Halfway across the world, Blake Hunter, a 28-year-old Oakland resident, embraced the Jewish value of tzedakah in his brand new small business. Hunter launched a bagel delivery service, Hella Bagels (@hellabagels), right before the shelter-in-place order began in California’s Bay Area. Launching a bagel delivery service during a pandemic has turned out to be a fantastic business decision.

bagels
Hella Bagels, ready for delivery (Courtesy Blake Hunter)

“It felt strange [that] so much was going well for me, but my community wasn’t in the same position. Week by week, I would donate small amounts of money from the bagels to different GoFundMe links. After the murder of George Floyd, I wanted to take part in the protests, [but they] were going on while I was preparing for my weekend’s bagels. I decided, quickly, I needed to donate to the Anti-Repression Committee Bail Fund.”

That Sunday, Hunter donated 100% of the proceeds he made to the fund. The following Sunday, he did the same thing, this time donating to the Oakland Indie Alliance. The next Sunday, his funds went to Race Forward. As part of the Bakers Against Racism initiative, he is donating his Sunday proceeds to the Transgender Law Center.

“Honestly, this was the least I could do,” Hunter says. “I have the ability to bake great bagels — I needed to use that skill to give back to the community and people I have grown up with my whole life.”

Similarly, Ernesto Mandowsky, a first-generation Hispanic Jewish American, decided to use his challah baking skills for good. With his Challah Back Bakery (@challahbackbakery), he sells challah for a good cause — with a unique twist.

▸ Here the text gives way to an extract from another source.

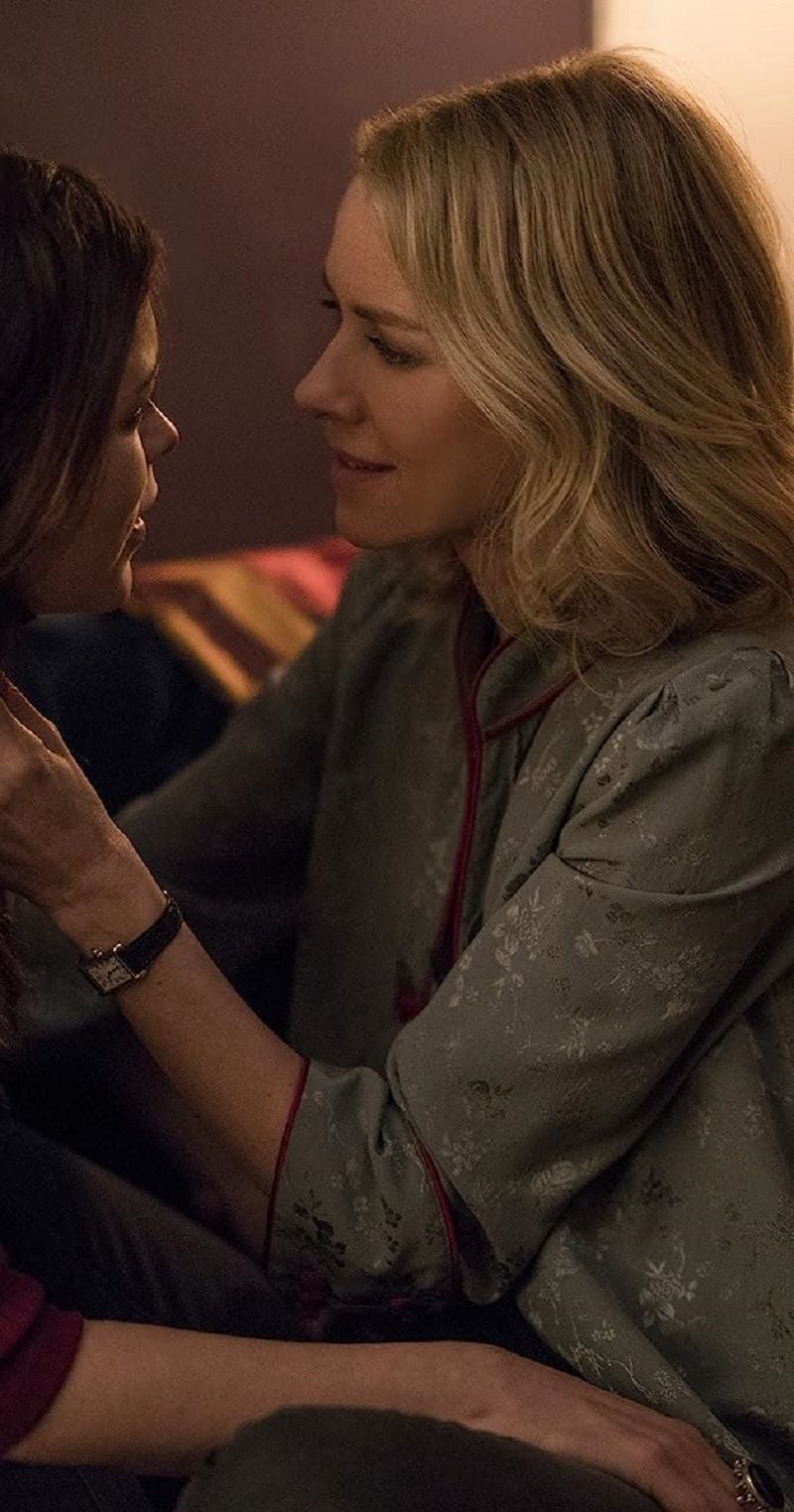 Naomi Watts in the Netflix series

“I’d been feeling pretty helpless during COVID as the [restaurant] industry had essentially imploded and tensions were rising amidst the horrific acts of racism,” Mandowsky, 29, explained. “One morning, I noticed that a friend of mine was selling cookies to raise funds for Black Lives Matter LA. Feeling inspired, I tapped into my inner baker and baked a #WeAreOne Challah: a trifecta of braids using cocoa and activated charcoal powders.”

Mandowsky
“We Are One Challahs” (Courtesy Ernesto Mandowsky)

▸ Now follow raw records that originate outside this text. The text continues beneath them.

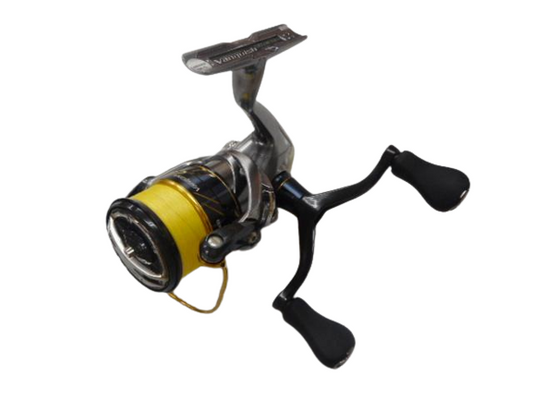 Shimano 16 VANQUISH C3000HGSDH Spinning Reel Gear Ratio 6.0:1 F/S from Japan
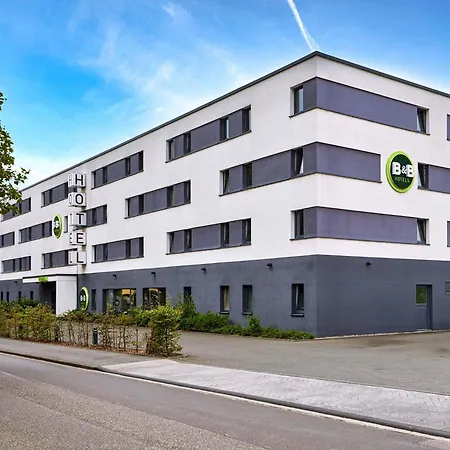 B&B Hotel Trier Hotell Trier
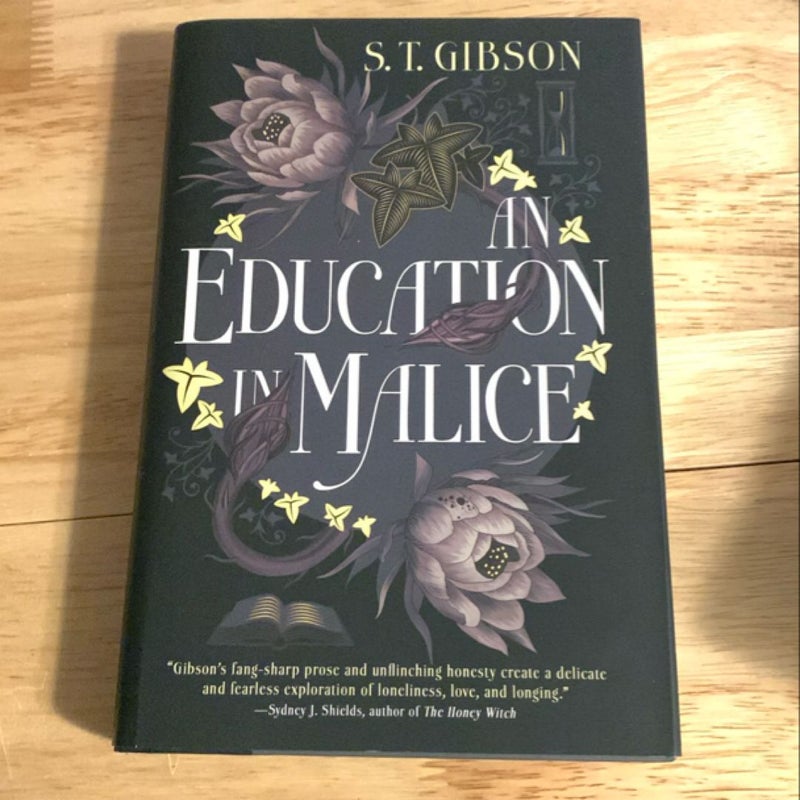 An Education in Malice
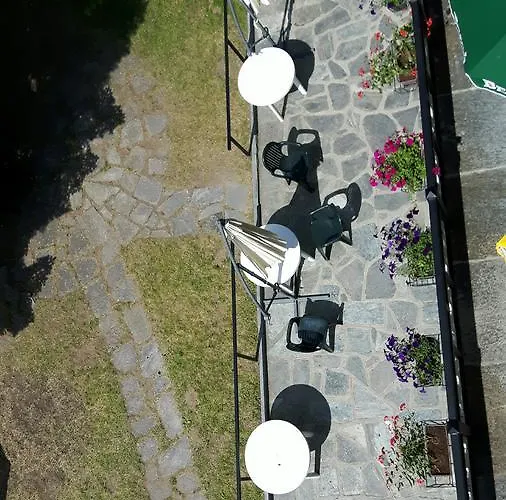 Szálloda Casa Alpina De Filippi *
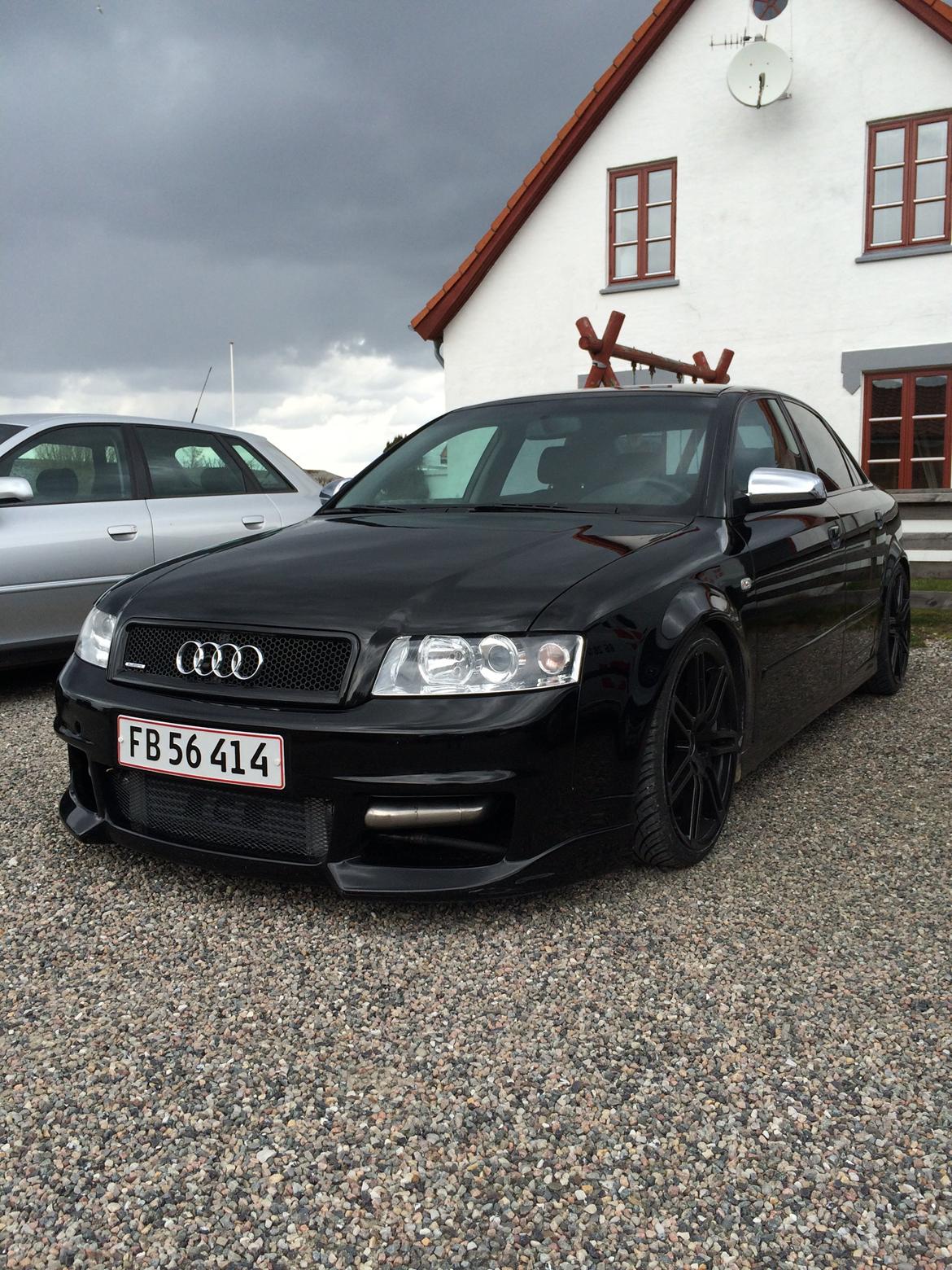 Audi A4 B6 Quattro billede 9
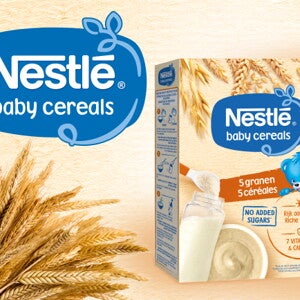 Nestlé Baby Cereals 6m Nestlé Baby Cereals 6m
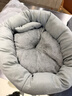 梵都宠舍 猫窝冬季保暖蛋挞猫垫子四季通用猫狗窝猫床猫咪用品宠物窝 实拍图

Mandowsky has been baking out of his parents’ kitchen in North Miami Beach, Florida, and as of this writing, his #WeAreOne Challahs have already raised $700 for the ACLU.

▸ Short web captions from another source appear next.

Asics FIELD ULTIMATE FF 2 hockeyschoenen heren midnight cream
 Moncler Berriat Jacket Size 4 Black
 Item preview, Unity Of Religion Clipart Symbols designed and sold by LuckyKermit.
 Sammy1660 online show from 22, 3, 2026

Caryn Sherbet, a 23-year-old Jewish woman baking out of Washington, D.C., started raising money for various causes a few months ago. She began selling care packages of different baked goods and candies to raise money for DC Safe, “a local organization aimed at providing immediate, material help to folks leaving violent relationships and/or abusive living situations.” After the death of George Floyd, she switched gears and began selling these care packages — along with custom cakes and pints of ice cream — to raise money for Stop Police Terror DC, Black Lives Matter DC, and the GoFundMe for Breonna Taylor’s family. So far, she’s raised over $1,700.

“In the past few weeks I’ve felt like this is my duty, somehow, to use my skills and privilege for good. I take a little comfort in at least knowing that I’ve been able to help a little bit, and that I’ve been able to feed so many people, both friends and strangers, in the process,” Sherbet explains.

Again and again, everyone I spoke to shared their passion for both social justice and baking. By spending a few — or many! — hours in the kitchen, they’re now contributing a small part to the fight for a more just world.